■ **DATA UNDER STUDY**:
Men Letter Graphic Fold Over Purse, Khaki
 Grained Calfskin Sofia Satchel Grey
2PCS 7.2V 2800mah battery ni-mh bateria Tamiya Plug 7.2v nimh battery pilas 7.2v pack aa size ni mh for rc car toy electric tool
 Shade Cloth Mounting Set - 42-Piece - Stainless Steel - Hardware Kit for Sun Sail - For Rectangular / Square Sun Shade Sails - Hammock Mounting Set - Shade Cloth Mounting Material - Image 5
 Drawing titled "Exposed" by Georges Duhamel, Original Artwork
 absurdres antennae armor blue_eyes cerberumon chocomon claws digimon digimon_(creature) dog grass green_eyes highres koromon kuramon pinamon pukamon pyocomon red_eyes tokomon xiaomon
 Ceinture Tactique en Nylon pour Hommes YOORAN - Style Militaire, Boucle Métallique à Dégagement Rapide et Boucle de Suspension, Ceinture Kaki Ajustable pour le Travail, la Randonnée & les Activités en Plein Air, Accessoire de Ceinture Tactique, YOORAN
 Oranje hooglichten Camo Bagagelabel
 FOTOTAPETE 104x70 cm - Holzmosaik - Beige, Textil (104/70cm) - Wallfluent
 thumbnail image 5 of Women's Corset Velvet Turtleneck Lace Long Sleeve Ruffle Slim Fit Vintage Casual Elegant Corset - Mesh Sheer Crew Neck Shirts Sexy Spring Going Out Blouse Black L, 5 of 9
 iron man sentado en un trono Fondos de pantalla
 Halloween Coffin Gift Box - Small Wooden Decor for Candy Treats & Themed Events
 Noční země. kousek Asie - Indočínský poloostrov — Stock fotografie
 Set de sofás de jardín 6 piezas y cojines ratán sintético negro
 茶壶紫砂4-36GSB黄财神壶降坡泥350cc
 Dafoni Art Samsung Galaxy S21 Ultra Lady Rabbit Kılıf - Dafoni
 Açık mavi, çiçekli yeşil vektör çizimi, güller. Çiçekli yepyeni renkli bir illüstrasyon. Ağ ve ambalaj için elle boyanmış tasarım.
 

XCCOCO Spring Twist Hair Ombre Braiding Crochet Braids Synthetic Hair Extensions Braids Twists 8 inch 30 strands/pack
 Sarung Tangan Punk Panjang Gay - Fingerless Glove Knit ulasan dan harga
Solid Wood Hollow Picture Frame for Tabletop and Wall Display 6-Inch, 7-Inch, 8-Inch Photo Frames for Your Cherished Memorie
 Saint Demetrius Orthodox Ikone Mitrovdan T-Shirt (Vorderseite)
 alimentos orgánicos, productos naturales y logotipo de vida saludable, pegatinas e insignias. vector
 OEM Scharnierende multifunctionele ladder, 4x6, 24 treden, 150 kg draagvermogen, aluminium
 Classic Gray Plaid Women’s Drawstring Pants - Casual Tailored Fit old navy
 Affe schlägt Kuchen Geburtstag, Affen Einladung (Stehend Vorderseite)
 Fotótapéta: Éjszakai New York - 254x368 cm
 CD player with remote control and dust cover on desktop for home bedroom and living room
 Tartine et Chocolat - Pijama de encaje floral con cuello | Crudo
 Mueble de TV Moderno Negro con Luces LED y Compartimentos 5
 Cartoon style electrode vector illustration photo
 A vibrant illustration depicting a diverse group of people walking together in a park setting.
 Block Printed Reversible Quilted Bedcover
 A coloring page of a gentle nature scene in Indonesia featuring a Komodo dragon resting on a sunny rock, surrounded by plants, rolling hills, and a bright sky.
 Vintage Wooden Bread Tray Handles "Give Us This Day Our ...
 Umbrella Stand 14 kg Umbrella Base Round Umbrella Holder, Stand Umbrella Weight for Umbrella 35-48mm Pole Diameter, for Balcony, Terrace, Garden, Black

■ **AIM OF THE EXERCISE**:
Nothing but the lines from the one that contains "Mueble de TV" to the end of the listing should be given again, each exactly as it appears.

■ **ANSWER TO THE EXERCISE**:
 Mueble de TV Moderno Negro con Luces LED y Compartimentos 5
 Cartoon style electrode vector illustration photo
 A vibrant illustration depicting a diverse group of people walking together in a park setting.
 Block Printed Reversible Quilted Bedcover
 A coloring page of a gentle nature scene in Indonesia featuring a Komodo dragon resting on a sunny rock, surrounded by plants, rolling hills, and a bright sky.
 Vintage Wooden Bread Tray Handles "Give Us This Day Our ...
 Umbrella Stand 14 kg Umbrella Base Round Umbrella Holder, Stand Umbrella Weight for Umbrella 35-48mm Pole Diameter, for Balcony, Terrace, Garden, Black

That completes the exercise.